DXMATRIX - same as XMATRIX, but for the function's first
derivative.
RESET - if set, force a recomputation of XMATRIX and/or DXMATRIX.
DERIV_WEIGHT - amount of weight to give to function derivative,
relative to the function value.
Default: 0.16d Returns
An array of coefficient values. The dimensions of the array are
NPOLYNOMIALxNSEGS, where NSEGS is the number of granules in the
entire interval. Example
;; Estimate Chebyshev coefficients for the function SIN(X), on the
;; interval [-1,+1].
xx = dindgen(9)/4d - 1d ;; Regular grid from -1 to 1 (9 points)
yy = sin(xx) ;; Function values, sin(x), ...
dy = cos(xx) ;; ... and derivatives
;; Estimate coefficients using CHEBGRID (single granule of 8 intervals)
p = chebgrid(xx, yy, dy, npoints=8, ngranule=8, npoly=10)

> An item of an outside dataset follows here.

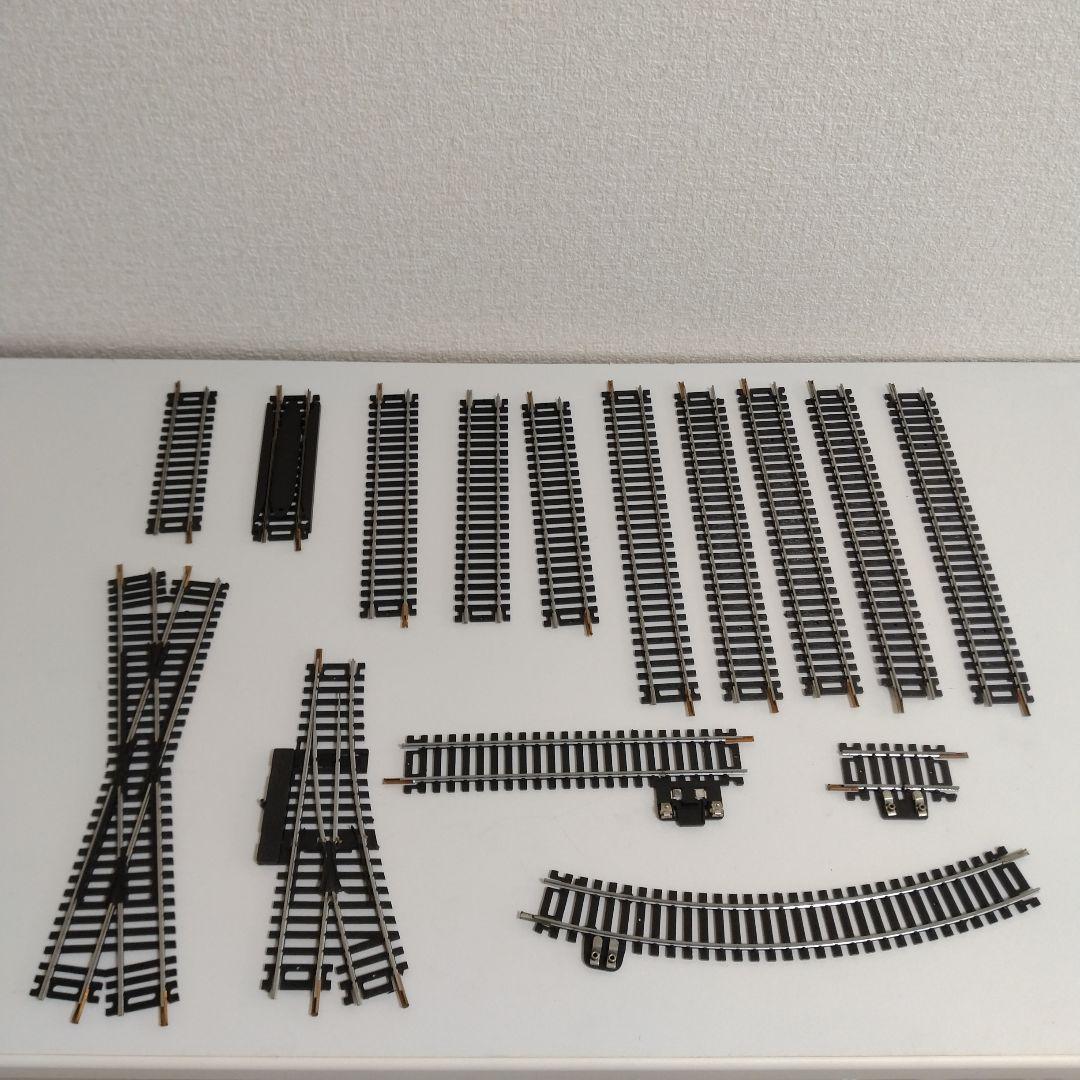 【lima】リマ HOゲージ 新幹線〈パワーユニット・線路30本付き〉ジャンク品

xxx = dindgen(1001)/500 - 1d ;; New grid for testing
res = sin(xxx) - chebeval(xxx, p)
plot, xxx, res
;; Same as example above, except extended range to [-1, +15],
using eight granules.
xx2 = dindgen(65)/4d - 1
yy2 = sin(xx2)
dy2 = cos(xx2)
p = chebgrid(xx2, yy2, dy2, ngranule=8, npoint=8, npoly=10)
help, p
P DOUBLE = Array[10, 8]
;; (i.e., 10 polynomial coefficients over 8 granules)
References
Abramowitz, M. & Stegun, I., 1965, *Handbook of Mathematical
Functions*, 1965, U.S. Government Printing Office, Washington,
D.C. (Applied Mathematical Series 55)
Newhall, X. X. 1989, Celestial Mechanics, 45, p. 305-310
Modification History
Written, CM, Feb 2002
Documented, CM, 24 Mar 2002
Corrected documentation, CM, 28 Apr 2002
Typo correction, CM, 10 Oct 2002